The trip to Shoshone Lake was a little intense and involved a motorized canoe ride across Lewis Lake, a couple miles of walking up the Lewis River (below) and a few miles of paddling to our site on Shoshone. It was a great trip, but we only spent one night on Shoshone Lake instead of three because heavy rain was making things unenjoyable.

Because we left Shoshone Lake earlier than planned, our schedule was open for a quick tour of the park. We saw the falls on the Yellowstone river:

We went to Mammoth Hot Springs also. I'm glad there weren't very many young boys there because the hot springs don't seem to take too kindly to them:

We also were able to see lots of wildlife. We saw buffalo, deer, elk, bald eagles, and a coyote. We watched two buffalo get into a little brawl which was highly entertaining.

And of course, the scenery was breathtaking:

We ended the day with a stop at Old Faithful (below) and a nine hour drive back to Denver.

Saturday, August 25, 2007

I love the Internet because it helps me watch TV

Brandon and I don't have cable and that's fine. We are both grad students so that = no money. Plus, is watching TV how we want to spend out newly wedded time? It is a question to ponder. Usually I don't miss this lack of cable. Several months ago we joined one of the Buttbuster (aka Blockbuster) plans where you get all the movies you want for $10.00 a month. It totally beats Redbox because you actually get to watch good movies instead of whatever crap is there. Without our wonderful Buttbuster plan, Brandon would have never gotten hooked on Lost seasons I&II, and I would have never seen classics such as The Burbs and all the Rocky's. I actually haven't yet seen Rocky IV, which I guess is supposed to be the best. Anyways, we also used this plan to watch and be thoroughly entertained by the first season of 24 (SO SO SO Good. Jack Bauer is a true American hero).

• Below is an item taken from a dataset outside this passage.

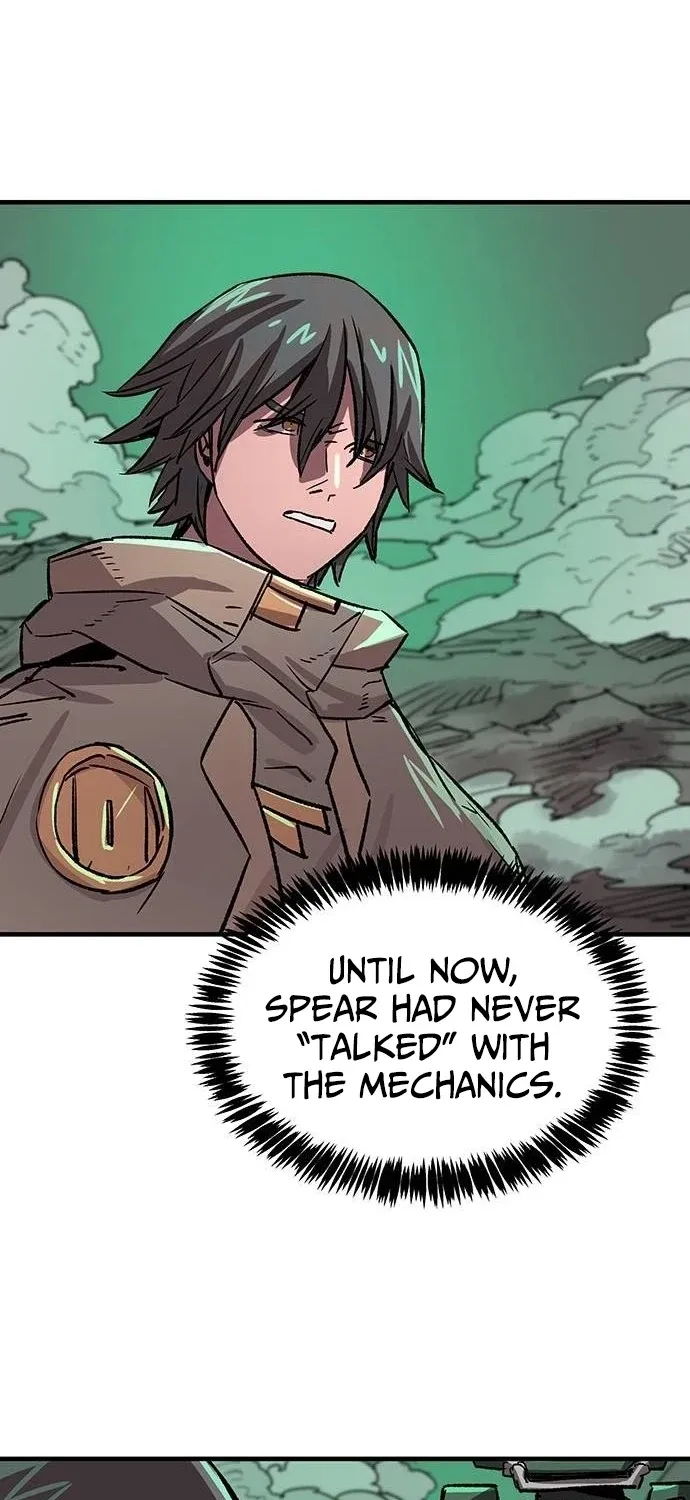 Falling Star (MOOHAK) Chapter 21 page 55 -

BUT within the last couple weeks I have secretly secretly wished we had MTV so I could watch The Hills.

The Hills is trash TV at its finest. You get to watch thin, rich, early 20 year olds make bad choices, wear killer clothes, and say 'like' about a billion times each per episode. It is so gratifying. Brandon watches sports, I like trash. It works out well.

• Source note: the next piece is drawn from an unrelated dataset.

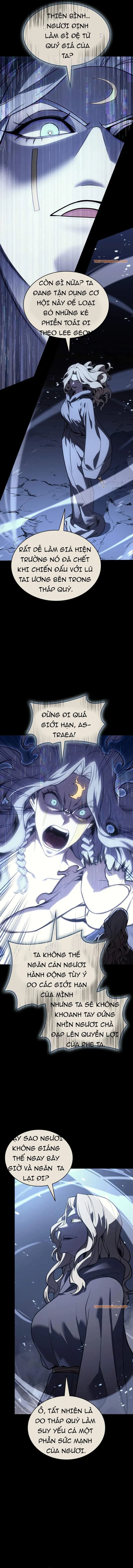 Vị Vua Mạnh Nhất Đã Trở Lại Chap 117 - Next Chap 118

Anyways, I was lamenting the fact that I couldn't watch it to a friend and she said these brilliant words, " Do not fret my friend... in this technological age we live in there is no need for cable... you can watch the full episodes online at MTV.com!" Pure Genius, that girl is. So, yesterday afternoon, that is exactly what I did. I watched 3 full episodes of The Hills for free with no commercials on MTV.com. I got to see Heidi and Lauren get in a big fight at a club, see the incredibly tacky mural that Spencer surprised Heidi with, and determine that Audrina always looks strung out. Then I went to work. It was a great day. I don't feel the need to get cable at all anymore. Now I just hope another Real World/Road Rules challenge starts so I can watch that on MTV.com. Hooray for wasting time on the Internet!!

PS, If anyone knows how to get Lost season 3 on the Internet for free or for super cheap, let us know. I am starting to go into Lost withdrawal and I don't think I can make it until December, when the DVD is released.

Thursday, August 23, 2007

Celebrity Look-Alike FAQ

Note: This post is in direct relation to the previous two posts. Brandon and I spent last night playing around on www.myheritage.com where we could upload photos of ourselves and then have our images compared to celebrities. We ended up each submiting several pictures of ourselves to the Celebrity Look-Alike thing but only posted the ones that seemed most accurate.

1.) Brandon: How does it feel knowing that you look a lot like some of the most famous actors of our time--Russel Crowe, Arnold Schwarzenegger, and Jonathan Taylor Thomas?

It's nothing surprising, you know? I mean, I am a model.

2.) Alison and Brandon, as you two were completing the Celelbrity Look-Alike process, was there a celebrity that both of you looked like?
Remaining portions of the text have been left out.